(Records provided Opens)

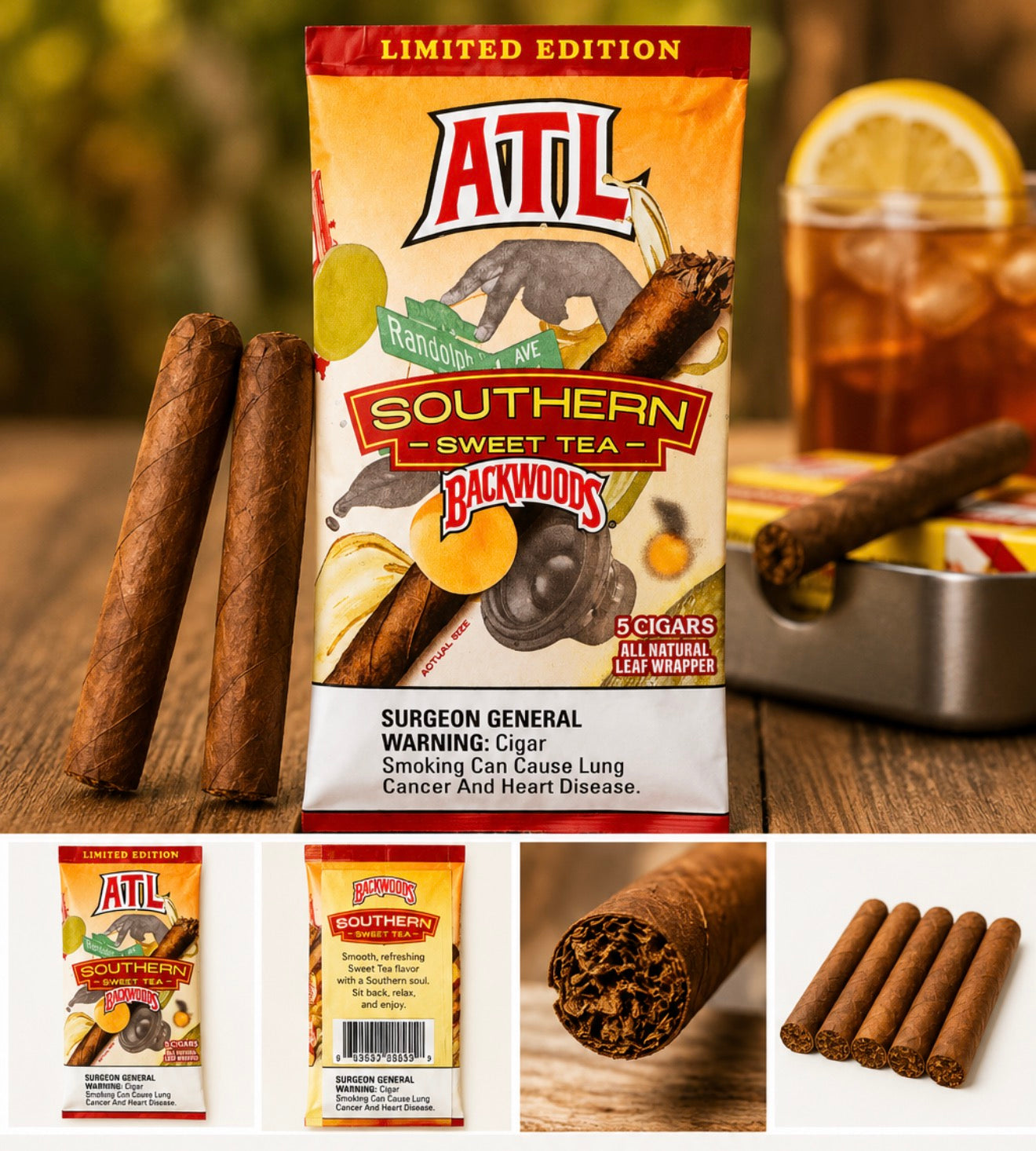 BACKWOODS ATL SOUTHERN SWEET TEA 
LIMITED EDITION - 5 CIGARS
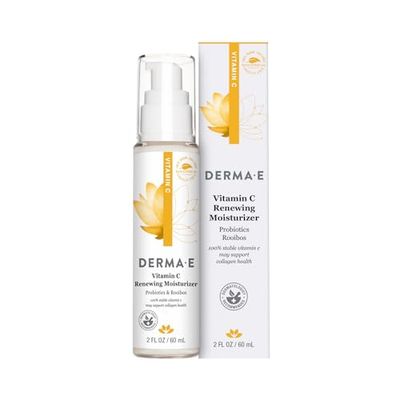 DERMA E Vitamin C Renewing Moisturizer with Probiotics and Rooibos, 2 Fl Oz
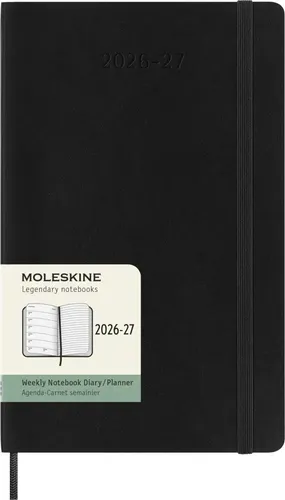Moleskine 18 Monate Wochenkalender 2026/2027, L/A5 - Praktischer Wochenkalender für 18 Monate, ideal für die Organisation von Terminen und Aufgaben. Kompakte Größe und hochwertiges Design für stilvolle Planung.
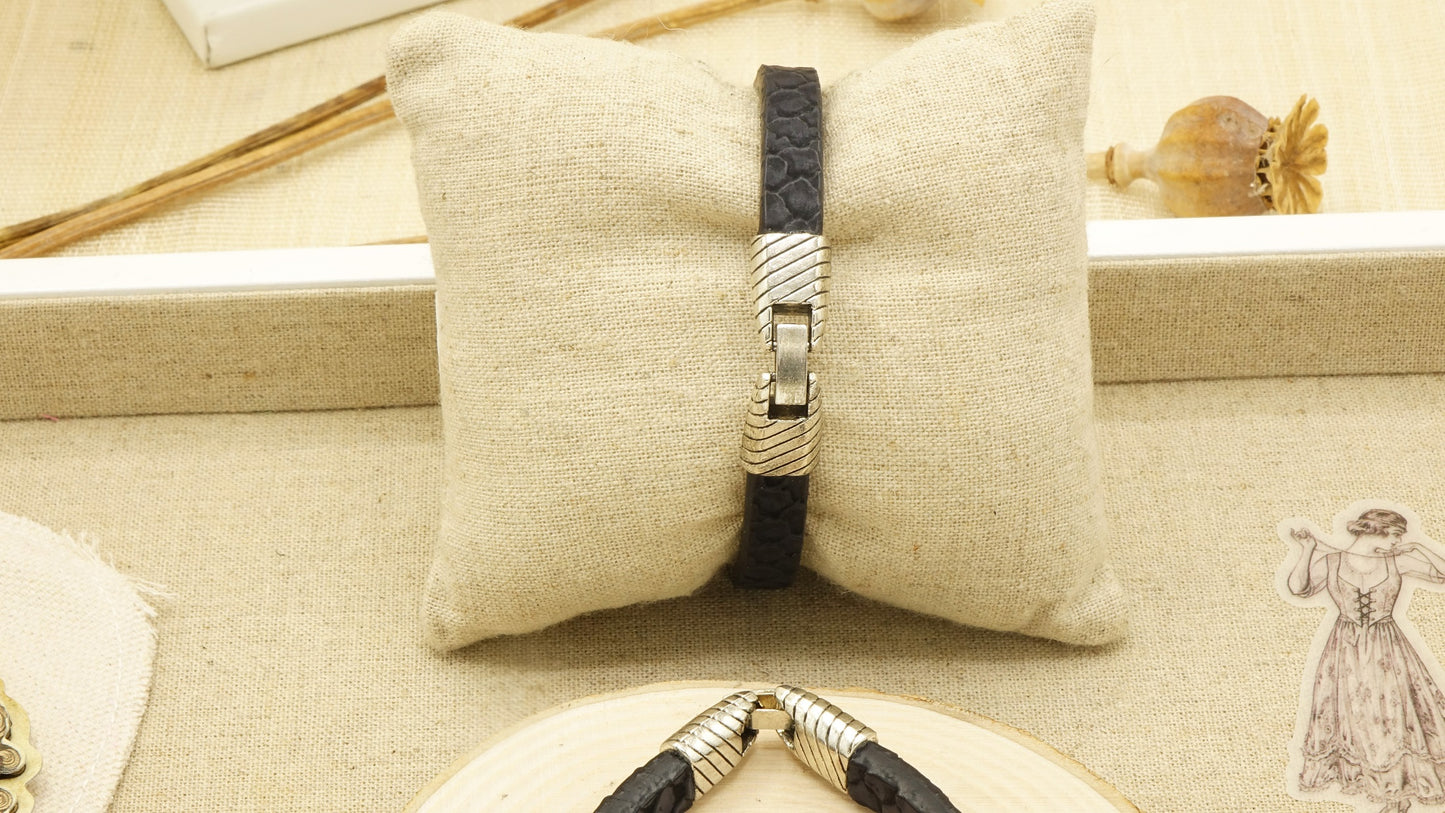 Victorian Style Leather Bracelet - Sleek - Verna Artisan Works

(Records provided Closes)

[What is needed]: Could you repeat exactly the lines from the one containing "Moleskine 18 Monate" to the last line of the records, both included, and leave out every picture?

[Exercise solution]:
Moleskine 18 Monate Wochenkalender 2026/2027, L/A5 - Praktischer Wochenkalender für 18 Monate, ideal für die Organisation von Terminen und Aufgaben. Kompakte Größe und hochwertiges Design für stilvolle Planung.
 Victorian Style Leather Bracelet - Sleek - Verna Artisan Works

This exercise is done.